長距離でのスイッチ操作

ある種の SAN スイッチ製品は、メトロ・ミラーおよびグローバル・ミラーのパフォーマンスに影響を与えられる方法で、ファブリック内の入出力トラフィックのパフォーマンス・チューニングをユーザーが行える機能を提供します。2 つの最も重要な機能は、ISL トランキングと拡張ファブリックです。

以下の表に ISL トランキング機能と拡張ファブリック機能の説明を示します。

機能 説明
ISL トランキング トランキングを使用すると、スイッチが 2 つのリンクを並列に使用し、しかもフレームの順序付けを維持できるようにします。 この機能を行うには、複数経路が存在する可能性がある場合でも、 特定宛先の全トラフィックを同じ経路を介してルーティングします。 しばしば、トランキングはスイッチ内の特定のポートまたはポート・グループに限定されます。 例えば、IBM® 2109-F16 スイッチでは、 トランキングは同じクワッド内のポート (例えば、同じグループの 4 つのポート) 間でのみ使用可能にすることができます。MDS を使用するトランキングについて詳しくは、Cisco Systems の Web サイトで「Configuring Trunking」を参照してください。

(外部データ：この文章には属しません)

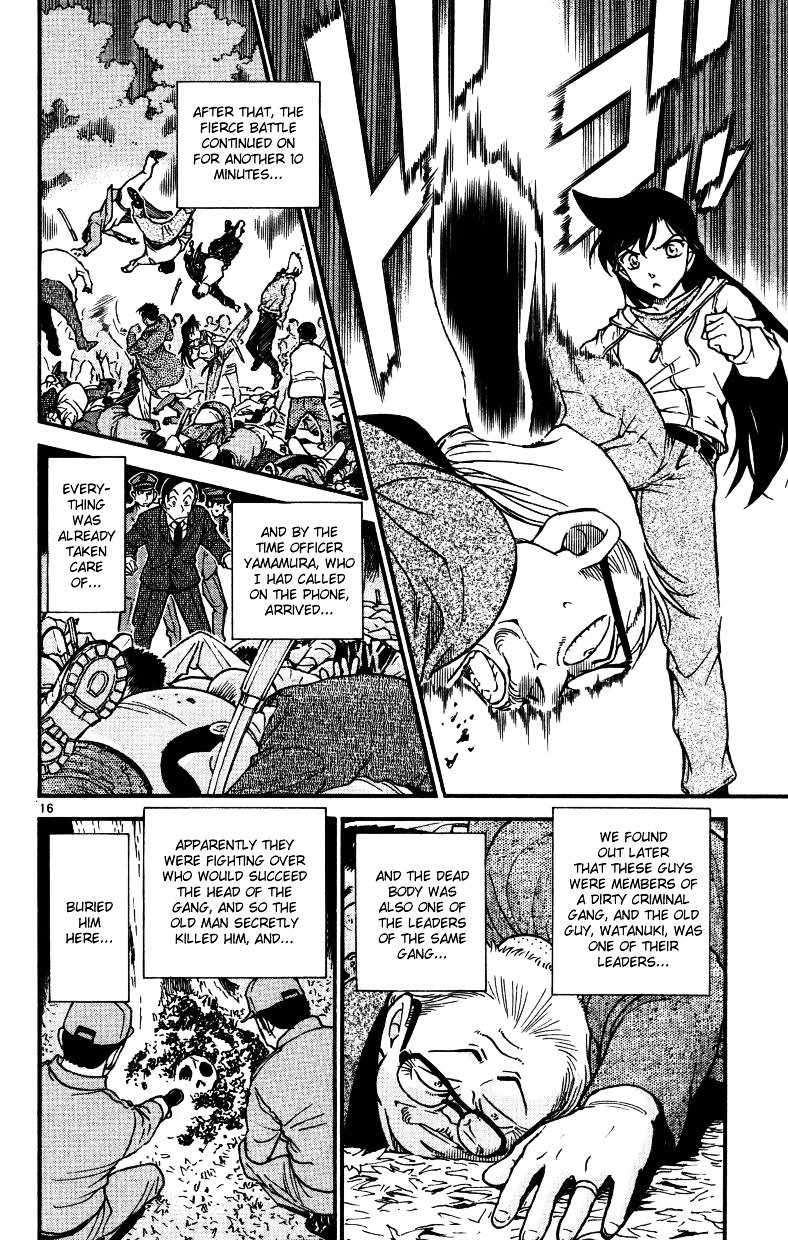 Page 16 of Chapter 543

スイッチ・タイプによっては、トランキングと拡張ファブリック操作の同時使用に制限があります。 例えば、IBM 2109-F16 スイッチの場合、 同じクワッド内の 2 つのポートに対して拡張ファブリックを使用可能にすることはできません。したがって、拡張ファブリックとトランキングは、一緒に使用することはできません。 拡張ファブリックの操作をトランキングされた対の 1 つのリンクに対して使用可能にすることはできますが、 それでは何のパフォーマンス上の利点も提供されず、構成のセットアップが複雑になるだけです。 したがって、混合モード操作を使用しないでください。

拡張ファブリック 拡張ファブリック操作は、特別に必要となるバッファー・クレジットをポートに割り振ります。 これは、通常、クラスター間メトロ・ミラー運用およびグローバル・ミラー運用で見られる長いリンクで重要です。フレームがリンクをトラバースするには時間を要するため、どの時点でも、短いリンク上で発生しうる数よりも多くのフレームが伝送時に発生する可能性があります。特別に必要となるフレーム数に対処するために、追加のバッファリングが必要です。
例えば、IBM 2109-F16 スイッチ用のデフォルト・ライセンスには、Normal と Extended Normal という 2 つの拡張ファブリック・オプションがあります。
  • Normal オプションは、短いリンクに適しています。
  • Extended Normal オプションでは、10 km までの長さのリンクに対して大幅にすぐれたパフォーマンスが提供されます。
注: 拡張ファブリック・ライセンスは、Medium (10 - 50 km) と Long (50 - 100 km) の 2 つの追加オプションを提供します。